P2 — Advanced Features

[ ] Cron Scheduled Task Service

nanobot: cron/service.py — full cron scheduler supporting at/every/cron expressions, persistent storage, timed agent triggers
MimiClaw: Not implemented
Recommendation: Use FreeRTOS timer for simplified version, support "every N minutes" only

[ ] Heartbeat Service

nanobot: heartbeat/service.py — reads HEARTBEAT.md every 30 minutes, triggers agent if tasks are found
MimiClaw: Not implemented
Recommendation: Simple FreeRTOS timer that periodically checks HEARTBEAT.md

[ ] Multi-LLM Provider Support

nanobot: providers/litellm_provider.py — supports OpenRouter, Anthropic, OpenAI, Gemini, DeepSeek, Groq, Zhipu, vLLM via LiteLLM
MimiClaw: Hardcoded to Anthropic Messages API
Recommendation: Abstract LLM interface, support OpenAI-compatible API (most providers are compatible)

[ ] Voice Transcription

nanobot: providers/transcription.py — Groq Whisper API
MimiClaw: Not implemented
Recommendation: Requires extra HTTPS request to Whisper API: download Telegram voice -> forward -> get text

[ ] YAML Config File System

nanobot: config/loader.py + config/schema.py — Pydantic config validation, YAML config support
MimiClaw: All configuration via NVS key-value storage
Recommendation: Current NVS approach is suitable for MCU, no change needed

[ ] WebSocket Gateway Protocol Enhancement

nanobot: Gateway port 18790 + richer protocol
MimiClaw: Basic JSON protocol, lacks streaming token push
Recommendation: Add {"type":"token","content":"..."} streaming push

[ ] Multi-Channel Manager

nanobot: channels/manager.py — unified lifecycle management for multiple channels
MimiClaw: Hardcoded in app_main()
Recommendation: Not worth abstracting with few channels

[ ] WhatsApp / Feishu Channels

nanobot: channels/whatsapp.py, channels/feishu.py
MimiClaw: Only Telegram + WebSocket
Recommendation: Low priority, Telegram is sufficient

[x] Telegram Proxy Support (HTTP CONNECT)

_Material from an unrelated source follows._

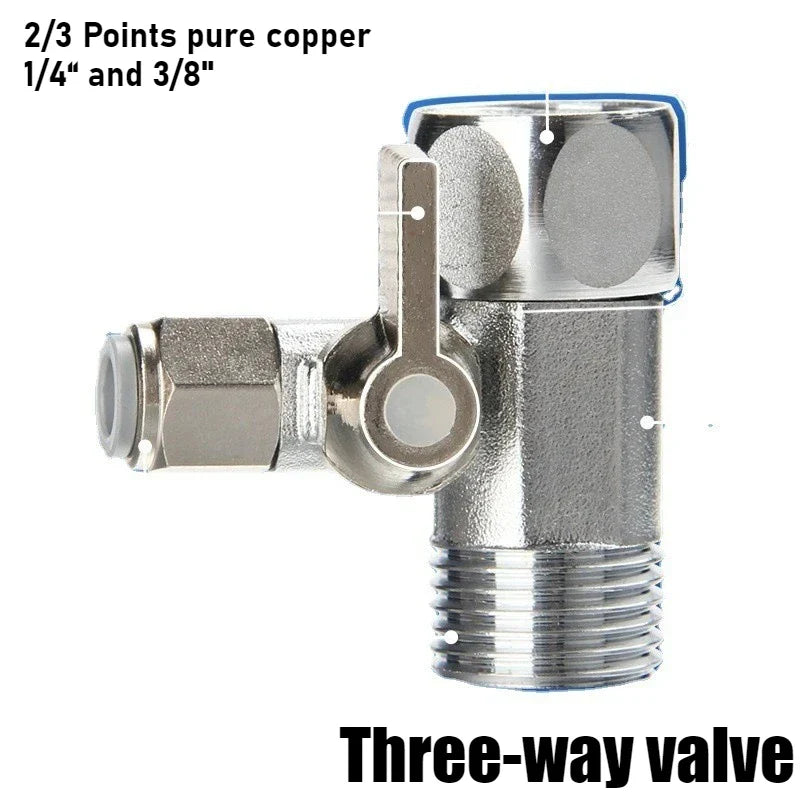 Copper 3-Way Shut-Off Valve 1/4" & 3/8" | RO Water Adapter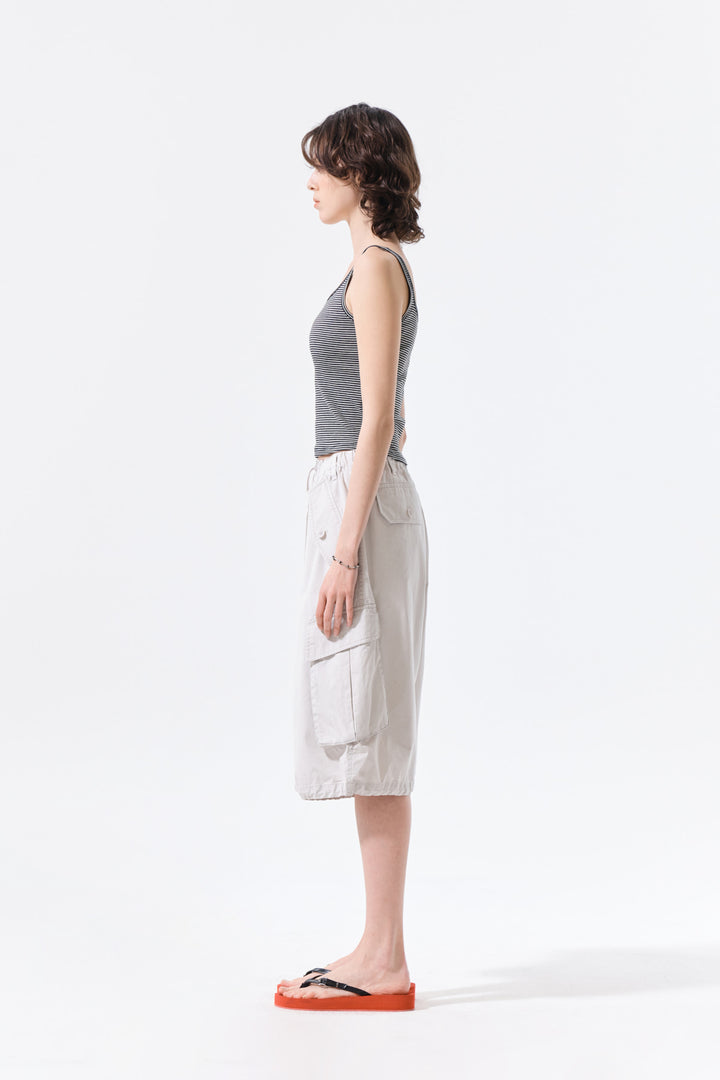 Matin Kim Square Neck Cropped Tank — Black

Implemented: HTTP CONNECT tunnel via proxy/http_proxy.c, configurable via NVS + CLI (set_proxy/clear_proxy)

[ ] Session Metadata Persistence

nanobot: session/manager.py L136-153 — session file includes metadata line (created_at, updated_at)
MimiClaw: JSONL only stores role/content/ts, no metadata header
Recommendation: Low priority

Completed Alignment

Telegram Bot long polling (getUpdates)
Message Bus (inbound/outbound queues)
Agent Loop basic flow (single LLM call)
Claude API (Anthropic Messages API + SSE streaming)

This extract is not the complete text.